Now that the data is in an interactive table format, click on the arrow next to the Relative Abundance column. A new window will pop up. Click on ‘Sort Largest to Smallest’.


However, relative abundance as a metric is only useful if you have a reliable match i.e. query coverage. Just relying on relative abundance without considering query coverage can inflate false positives. We will discuss this in class.
To filter by query coverage, click on the arrow next to the Average of qcovs column. A new window will pop up. Clock on the arrow next to 'Number Filters' and select ‘Greater than’. In the window that pops up, enter 25. You should now have a shorter table.




Create a new Excel sheet and name it ‘Analysis_allTG’. Copy over the table you created in Step 22 to this sheet.
Repeat Step 3 till 22 for all treatment groups.
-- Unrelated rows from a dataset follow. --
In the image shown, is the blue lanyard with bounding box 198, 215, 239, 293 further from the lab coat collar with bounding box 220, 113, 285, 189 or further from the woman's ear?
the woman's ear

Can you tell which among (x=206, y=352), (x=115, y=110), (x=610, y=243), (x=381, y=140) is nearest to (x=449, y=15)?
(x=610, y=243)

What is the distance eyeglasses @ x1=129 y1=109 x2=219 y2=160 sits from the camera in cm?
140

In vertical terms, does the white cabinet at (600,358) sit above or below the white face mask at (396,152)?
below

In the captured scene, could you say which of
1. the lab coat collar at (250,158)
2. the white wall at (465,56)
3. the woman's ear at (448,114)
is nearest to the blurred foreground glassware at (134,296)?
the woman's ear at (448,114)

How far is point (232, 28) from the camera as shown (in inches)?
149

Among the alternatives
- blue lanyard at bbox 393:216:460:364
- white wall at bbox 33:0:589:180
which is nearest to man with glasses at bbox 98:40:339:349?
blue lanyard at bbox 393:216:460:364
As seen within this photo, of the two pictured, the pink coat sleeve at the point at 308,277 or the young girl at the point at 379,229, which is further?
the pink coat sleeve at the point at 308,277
Copy over the tables you create in Step 22 to the sheet named “Analysis_allTG”. An example of what your sheet will look like at this stage is shown below.
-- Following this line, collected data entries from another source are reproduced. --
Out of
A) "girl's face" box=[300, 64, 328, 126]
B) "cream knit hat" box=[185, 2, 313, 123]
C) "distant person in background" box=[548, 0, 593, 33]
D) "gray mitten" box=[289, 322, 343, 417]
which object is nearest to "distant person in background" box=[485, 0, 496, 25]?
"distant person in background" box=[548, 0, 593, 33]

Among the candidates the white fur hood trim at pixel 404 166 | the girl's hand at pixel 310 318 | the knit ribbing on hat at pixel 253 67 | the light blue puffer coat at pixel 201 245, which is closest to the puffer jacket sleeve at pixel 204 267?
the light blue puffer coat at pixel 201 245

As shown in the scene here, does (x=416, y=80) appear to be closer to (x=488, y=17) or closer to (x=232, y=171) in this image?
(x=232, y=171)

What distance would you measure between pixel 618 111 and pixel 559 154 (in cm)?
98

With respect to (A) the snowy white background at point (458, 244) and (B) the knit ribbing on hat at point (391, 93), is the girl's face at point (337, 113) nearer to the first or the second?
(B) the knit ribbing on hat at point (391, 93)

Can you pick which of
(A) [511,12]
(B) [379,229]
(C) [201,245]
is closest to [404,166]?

We will manipulate this data to make it easier to plot. Copy over all the Row labels onto the right side as shown here.


You may notice that there are a few repeats of the same name. To get rid of these, we will use an Excel function called UNIQUE. Select a cell on the right side of these labels. In that cell, enter ‘=unique’ and select all the row labels. Hit Enter and you should now have a shorter table.


Copy these new labels and paste them again as Values.
Delete the column containing the Row Labels with repeats. We will not be needing those now. Our sheet will look like this.


Next, we will enter the relative abundances for all treatment groups. Create five new columns labelled TG1-TG5 beside the Row Labels.


We will use an Excel function called VLOOKUP. If you specify a value, this function will look it up in a selected range and return a corresponding value from a specified column.
In the first empty cell of the table, type ‘=vlookup’. The function will prompt you to select the value you want to look up. Select the first Row Label and enter a comma beside it.


Then, select the range of cells to search. The column is for TG1, so we will select the range of data for TG1.


We want the function to look up relative abundance, which is on the 6th column. Enter the column number, in this case it is ‘6’. Make sure to add a comma after each value.
Enter ‘FALSE’ in the function to return exact matches.
Your formula will look like the image below.


As we will be dragging the function down to other cells, we will lock the array to always search for the specified TG. To do this, Excel uses “$” signs. Enter ‘$’ signs in front of your table array values e.g. $A$12:$F$15. Hit Enter.




Drag down the formula to give you relative abundances for each Row Label. If there isn’t a match, Excel will return ‘N/A’.




Repeat Steps 31 – 37 for each TG. Change the range of cells you search through for each TG accordingly as they will be different.
Stacked Bar Chart
Once you have the table ready, copy and paste it onto the same sheet again as Values. This makes manipulating the data smoother.
Select the entire table and navigate to the Excel header. Press Insert3e Column Charts. In the dropdown menu, select 100% stacked bar chart.


The bar chart will have Row Labels on the y axis and TG as the key. Click on ‘Switch Row/Column’ to swap these.


Your graphs should be mostly ready at this stage. We recommend adding a descriptive chart title and axis labels. You can also simplify the Row Labels to make them clear. For example, ‘NR_156348.1 Cladosporium domesticum CPC 22307 ITS region; from TYPE material’ can be changed to ‘Cladosporium domesticum’.
Feel free to customize the colours and have fun interpreting your graphs!